Legal Minutiae

It’s not unusual in the course of a real estate deal for numerous terms to change — and others to be added.

What’s the best way to document that evolution?

My personal preference is a one page Counter-Offer Addendum that effectively rides on top of all the preceding documents.

Not only does that cleanly capture all of the changes on one page, but it avoids the need to wade through each, underlying page of the Purchase Agreement and Addenda searching for any terms that have been crossed out (with new terms scribbled in the margins and initialed by all the parties).

Too, presenting the other side with a Counter-Offer has the legal consequence of rejecting — and thereby killing — the existing offer on the table.

Addenda and Amendments, meanwhile, often come into play resolving the Inspection Contingency.

Technically, an Addendum adds a term, while an Amendment changes one.

However, in practice, as long as it’s clear which terms are being added or superseded, most Realtors (and their clients) don’t get hung up on what the form is labelled.

P.S.:  Ultimately, all the contractual terms — at least the financial ones — flow to the HUD-1, the federally mandated closing forms.

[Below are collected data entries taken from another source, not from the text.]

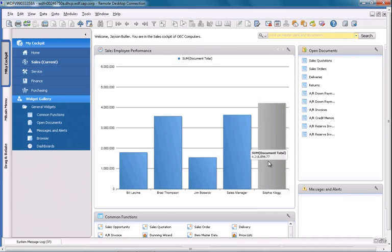So now we have a Sales Employee dashboard that does not have any relation to a specific business partner, but it gives me an overview of all of the sales employees across my organization and their sales performance. This is a great example of demonstrating pervasive analytics in SAP Business 1, version for SAP HANA.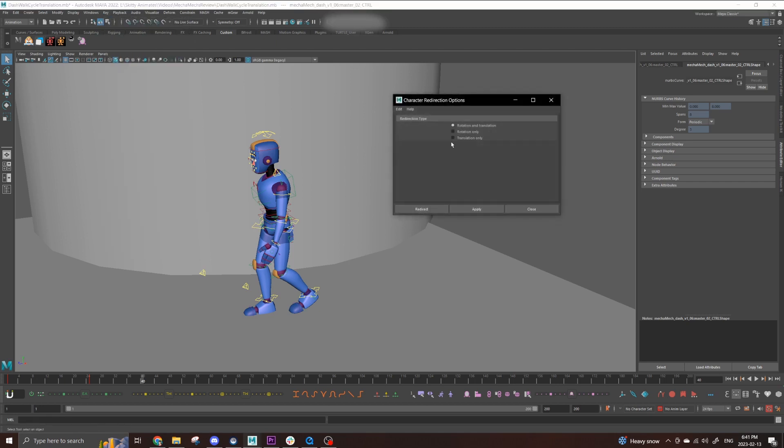By default, your redirect tool should be set to have both rotation and translation inputs, but it's always good to check first anyway. If you want the restriction of rotate or translate only, the options are there as well, but I'd like to keep it on both just in case I need it later. After selecting the option you want, hit apply.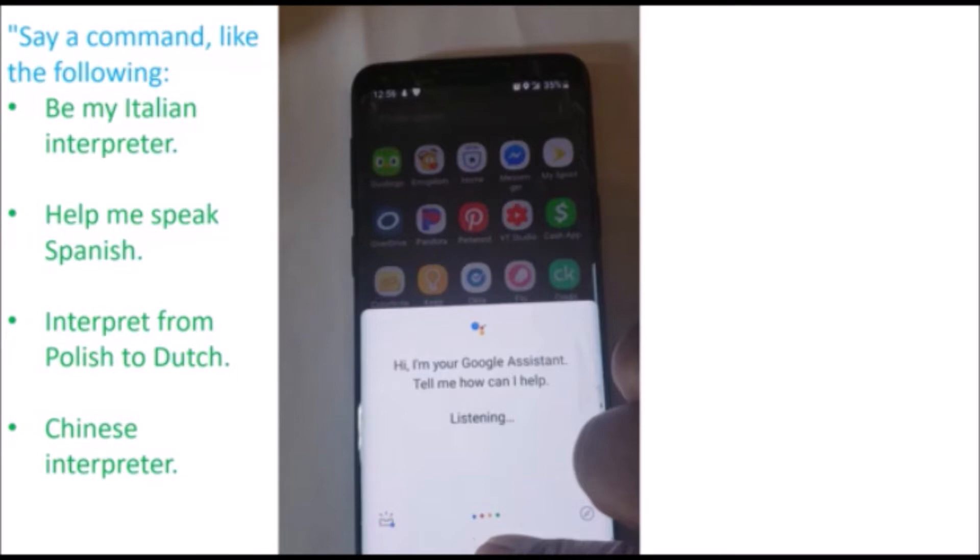Start speaking, and the Google Interpreter will translate your words in your language and the other person's words in their language.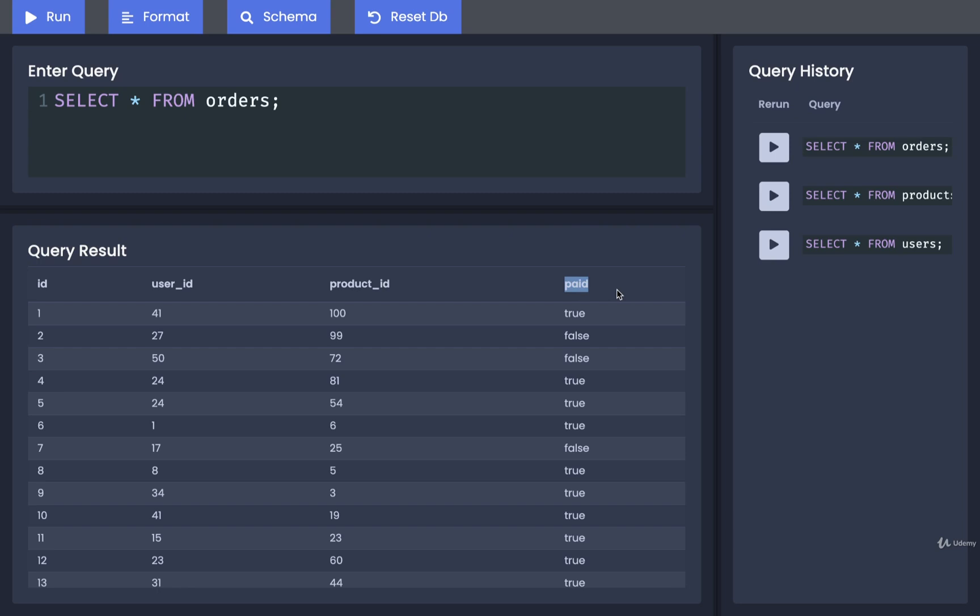So if a user has not paid, we would see false inside of here. And once a user has paid, we should see true.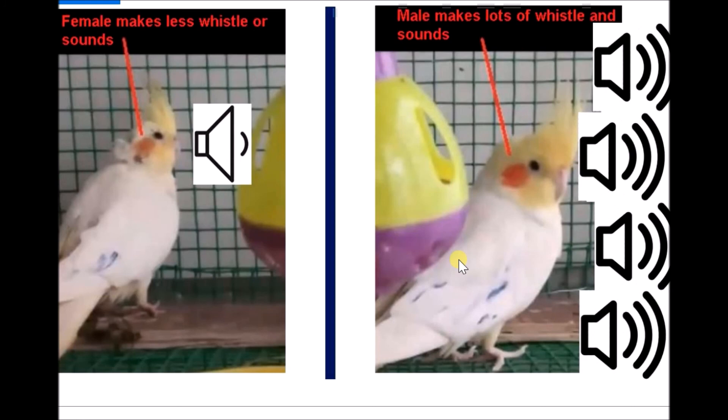I hope this video gave you the information by which you will be able to identify your bird as male or female. In case of any doubts or queries, please feel free to mention them in the comment section, and please don't forget to subscribe to this channel and like this video.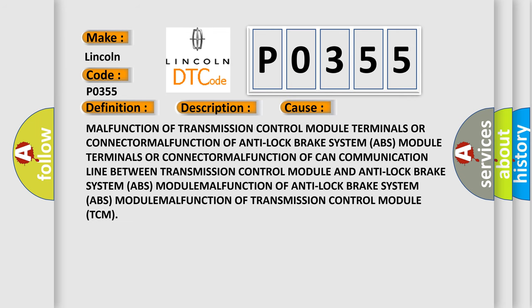Malfunction of transmission control module terminals or connector malfunction of CAN communication line between transmission control module and anti-lock brake system ABS module malfunction.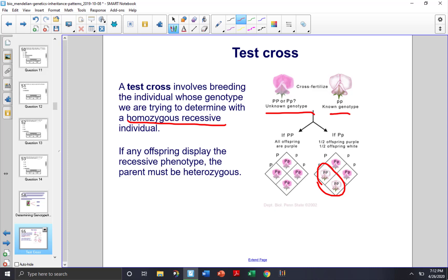Now you may ask, well what if these two flowers — the white and the heterozygous purple — only had a couple offspring, and all of the offspring just happened to come out purple? This could happen, but it's unlikely with the more offspring that they have. If they were to have 50 offspring, for example, it would be statistically impossible that all of those flowers would come out purple and none of them white.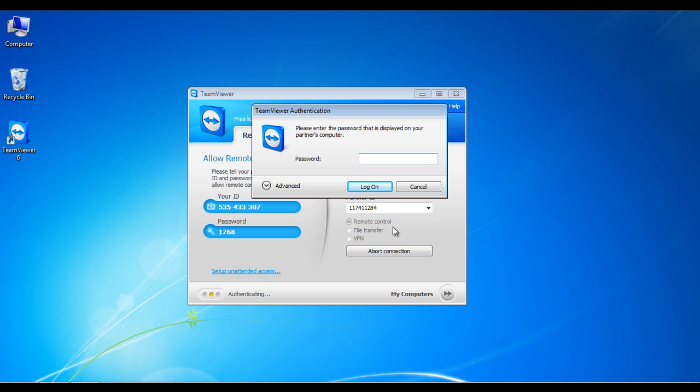A message will appear asking you to enter the password. Once done, click on the log on button.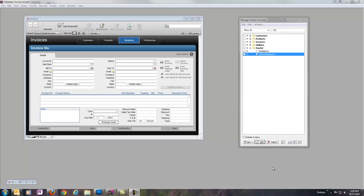Hi, this is Andrew Angel with AngelEye. I'm going to run through how to process a credit card with PayPal Payments Pro using the FileMaker custom modules that I've developed.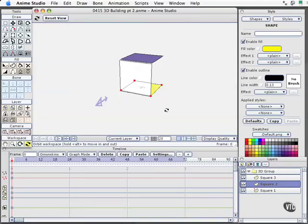So that is working with 3D space in Anime Studio — very easy, and once you get into it, it's insanely fun to do. That ends our last movie for working with the drawing tools. In our next section, we're going to learn how to create some basic bone structures and use the linking functionality in the tools palette.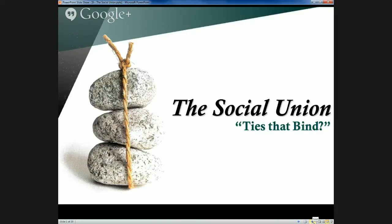Last lecture and seminar we talked about the various fiscal programs and transfer programs that have been established to help support Canada's social union — the network of social programs that exist to ensure that Canadians receive comparable levels of public services at comparable rates of taxation. Today we'll delve more deeply into what exactly that social union is, and talk about whether it in fact provides those ties that bind, as some suggest it does, in terms of creating a national system of social services across Canada.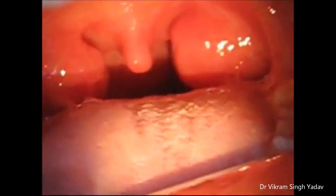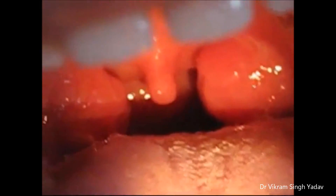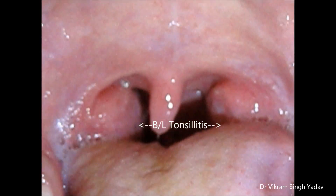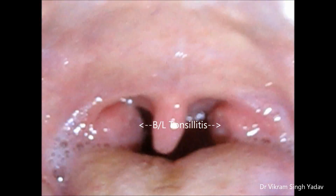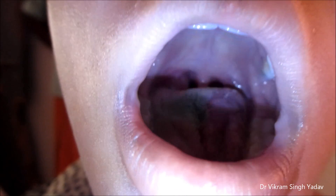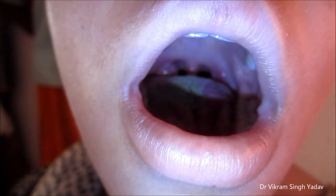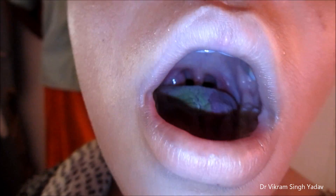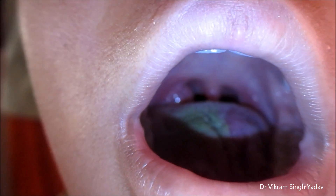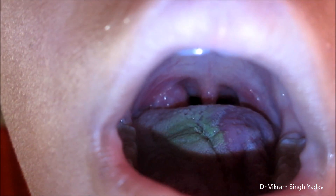I'm going to tell you how to examine the tonsils. You need a tongue depressor and a light source. The tongue depressor we are using already has the light source inbuilt in it. Ask the patient to open the mouth and depress the tongue with the tongue depressor.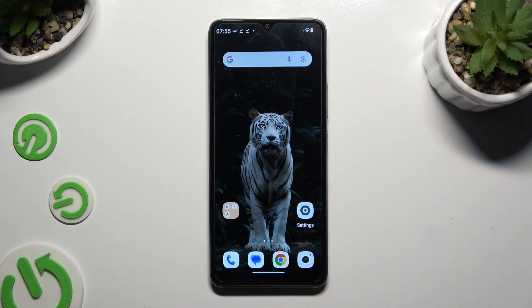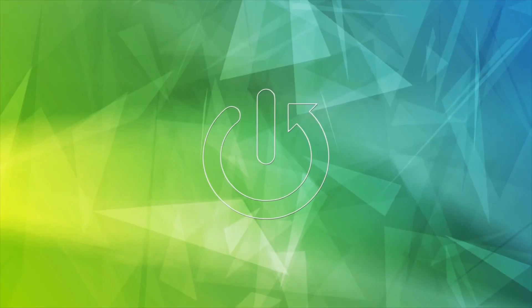In front of me is the Redmi A3, and today I would like to show you how you can switch on or off autorotation.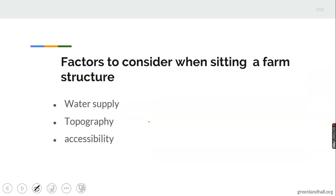Factors to consider when siting a farm structure and building: one, water supply — there must be available and regular water supply, which is essential for human and animal consumption. Farmers need water; crops require water during dry season and can be supplied through irrigation. Availability of water is important when siting a farm structure and building.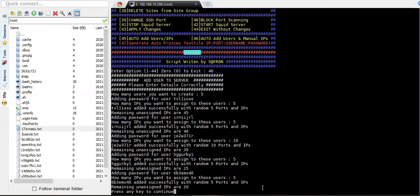So to summarize: option 45 adds IPs globally — the same number assigned to all users at once — while option 46 asks for every user individually how many IPs you want to assign to that particular user.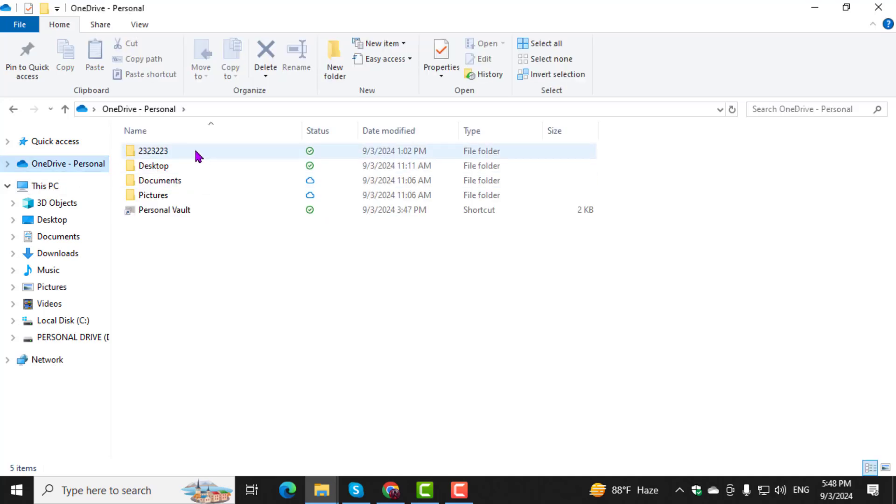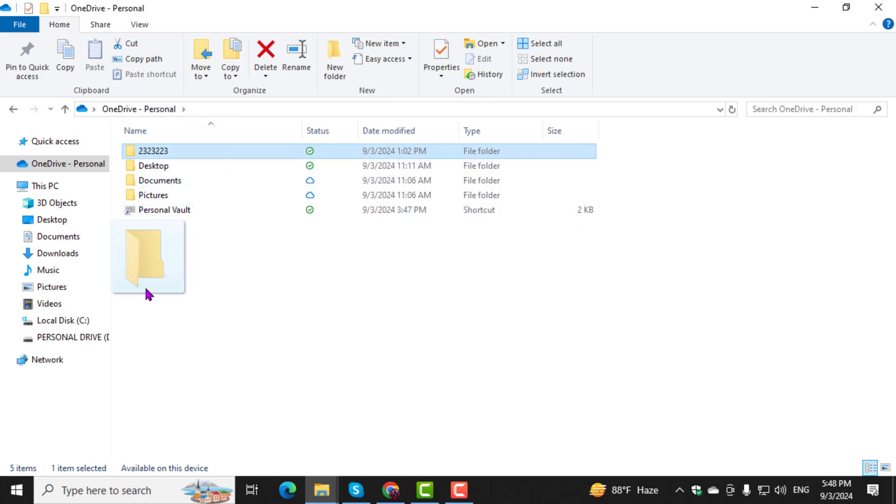Step 3. Select the files or folders you want to move from OneDrive. Step 4. Drag and drop the selected files into a folder on your hard drive.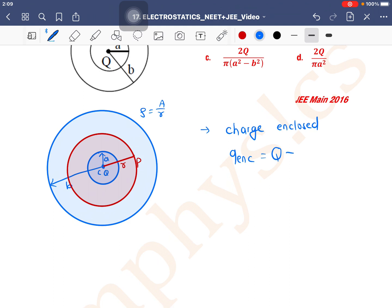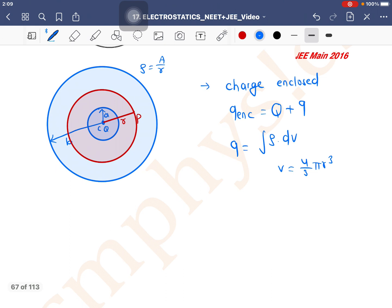Plus Q is sitting at the center, and the sphere has a charge due to volume charge density. To find that charge I need to integrate ρ with respect to dV. The volume is (4/3)πr³. If I differentiate this with respect to r, I get (4/3)π × 3r².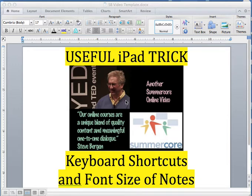Hi, Steve Bergen here. I'm going to share a useful iPad trick with keyboard shortcuts in this quick video. If I can, I'll also include something with font size.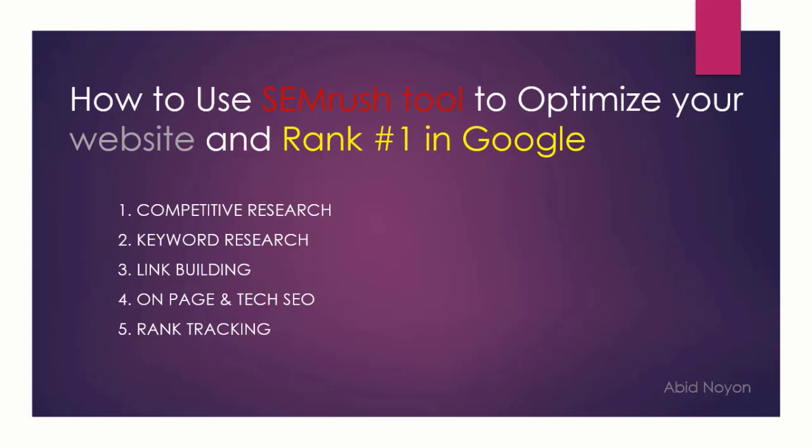Hi guys, I am Noyan from technewsall.com, and in this video I will talk about how you can use SEMrush tool to optimize your website and rank number one in Google. I will break down this video into five parts: number one will be competitive research, second keyword research, third link building, fourth on-page SEO and tech SEO, and the last will be rank tracking.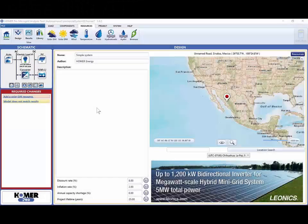In Homer, resources are the inputs that a component requires to operate. Homer provides wind, temperature, and solar data for a variety of locations around the world.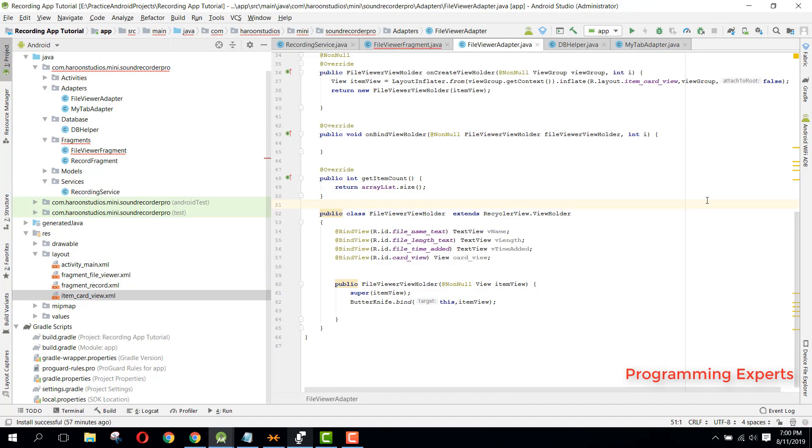Bismillahir Rahmanir Rahim, welcome to my another video on Android app development. This will be part 11 of my video series on Sound Recorder Pro app using Android Studio.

When everything has been cleanly documented, the HUD-1 should mirror all the preceding agreements between the parties (i.e., purchase price, seller-paid points, earnest money, etc.).

About the author

Ross Kaplan has 19+ years experience selling real estate all over the Twin Cities. He is also a 12-time consecutive "Super Real Estate Agent," as determined by Mpls. - St. Paul Magazine and Twin Cities Business Magazine. Prior to becoming a Realtor, Ross was an attorney (corporate law), CPA, and entrepreneur. He holds an economics degree from Stanford.
1 Response
  1. Hi Ross. One big thing I think you missed. To become an amendment or addendum it must be mutually agreed upon. What happens when One party has a change and the other wont agree. Does that like a counter offer kill the contract?